About this task
The answer must be an exact copy of the lines from the one with "Little dogs should" through the final line below, with no pictures and nothing else.

Brief descriptive captions:
_____
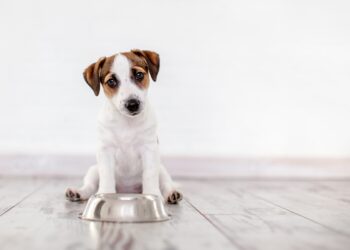 Ein Hund sitzt vor einem leeren Fressnapf.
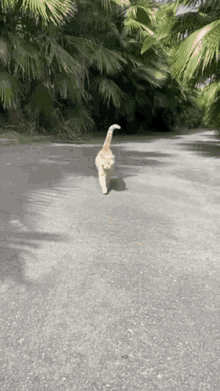 cat walk seamus orange tabby kitty rir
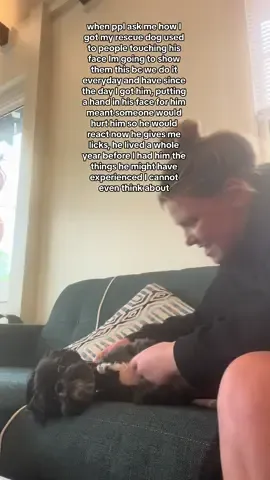 Little dogs should be trained too. #shihtzu #shihtzusoftiktok #shihtzupuppy #dogsoftiktok #dogsvideo 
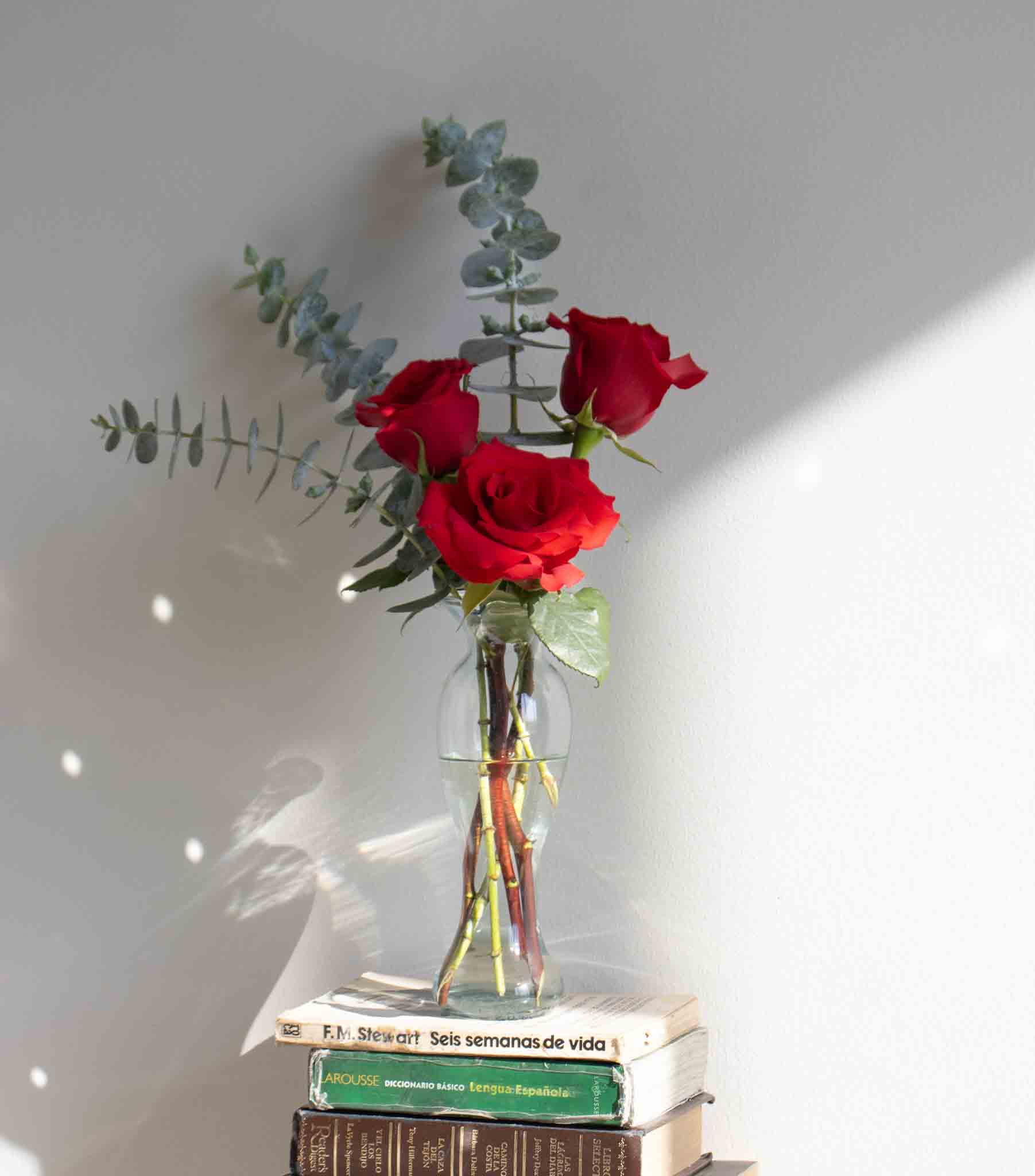  rosas y follaje elegante - Flores a Domicilio 2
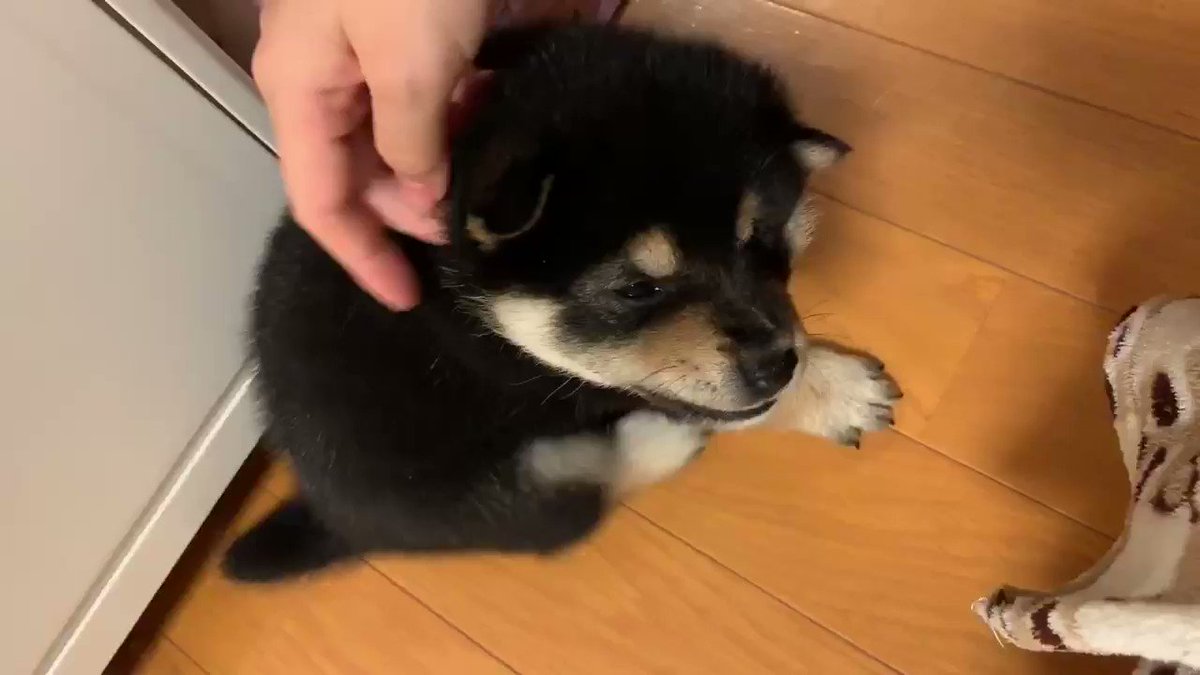 子犬のあんよ カシカシ がかわいい 飼い主さんが頭をかくと後ろ足が動いてしまう子犬が癒やしの塊 ねとらぼ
_____
Task solution
 Little dogs should be trained too. #shihtzu #shihtzusoftiktok #shihtzupuppy #dogsoftiktok #dogsvideo 
  rosas y follaje elegante - Flores a Domicilio 2
 子犬のあんよ カシカシ がかわいい 飼い主さんが頭をかくと後ろ足が動いてしまう子犬が癒やしの塊 ねとらぼ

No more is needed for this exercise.